While MGM may have been home to more stars than there are in the heavens, they still put out a steady stream of “B” flicks for the double bill market and I would assume that this 67 minute comical escapade fit that bill perfectly.
“He needs to be two things. Honest and dumb!”
This from gangster Lloyd Nolan as he conjures a plot to jump bail and get himself to South America.
Leading man Lew Ayres stars here as a rather meek life insurance salesman trying to make enough cash to wed his beloved Rita Johnson. The boss’ secretary at the office. He gets a high end customer in Nolan but has no idea that Lloyd is a famous gangster. With the policy in place, Ayres’ company would be paying out $50,000 in the event of Nolan’s death. When a $25,000 reward is placed on Lloyd’s head dead or alive, Lew’s job is in jeopardy. Hence the earlier comment from Lloyd.
Lloyd’s girl Virginia Grey enlists Ayres to bring in Nolan and claim the 25K for himself. Thus keeping his job on the condition that he hands over the cash to Nolan. Nolan would then be able to have enough dough to buy off his freedom with some shady judges arranged by his fast talking lawyer William Demarest.
In the next forty minutes there’s going to be plenty of twists and turns when Lew finds himself the holder of worthless stock bonds that are thrown his way from the shady gangsters. Timing is everything and through a government grant turn Lew into a wealthy man overnight. Guess who wants their bonds back?

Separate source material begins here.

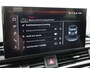Audi A5 Sportback 35 TFSI S edition Competition | Navigatie | Apple Carplay / Android Auto | Climate Control | Cruise Control | Sfeerverlichting | Virtual Cockpit | Elektrische Achterklep | DAB | Half-Leder | LED | Lichtmetalen Velgen |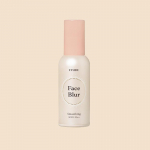 Etude House Face Blur (3 v&auml;rvi) SPF33 PA++ Uus! Versioon/uuendamine 1PCS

This is a relatively enjoyable B flick with a cast of oh so familiar faces from Lew and Lloyd on down. For me Lloyd Nolan is one of those character players who makes pretty much anything he’s in that much better.
Both leading ladies, Johnson and Grey had a long list of credits to their name during the studio era. Grey would act into the 1970’s with plenty of stops in television and countless B series’ including Tarzan, the Hardy’s and the Thin Man set. Rita’s career was much shorter ending in the fifties but she too would join in series’ like Nick Carter and Maisie. She even starred as young Roddy McDowall’s Mother in My Friend Flicka.
Gangland favorites, Marc Lawrence and Ned Pendleton turn up to muscle the meek Ayres on Nolan’s behalf but find themselves in for a bit of a surprise. Turns out Lew used to teach boxing and he’s awfully hard to hit. Paging Harold Lloyd and his character from The Milky Way. This minor feature actually seems like it had been pencilled in as a Lloyd script. Ayres is ok but I did feel the role should have been played by a Harold Lloyd type or if we were about five years down the line, a Danny Kaye could have worked just fine.
If you do catch this on TCM where I happened across it, you might just wonder as I did if the Hays code is about to be broken at the fade out. Tune in and you’ll see what I mean. Perhaps crime does pay after all.
As it stands, this Leslie Fenton directed “B” plays like an elongated Three Stooges short where the boys would commonly get tangled up in money, gangsters and women. Only this time we come up short two stooges.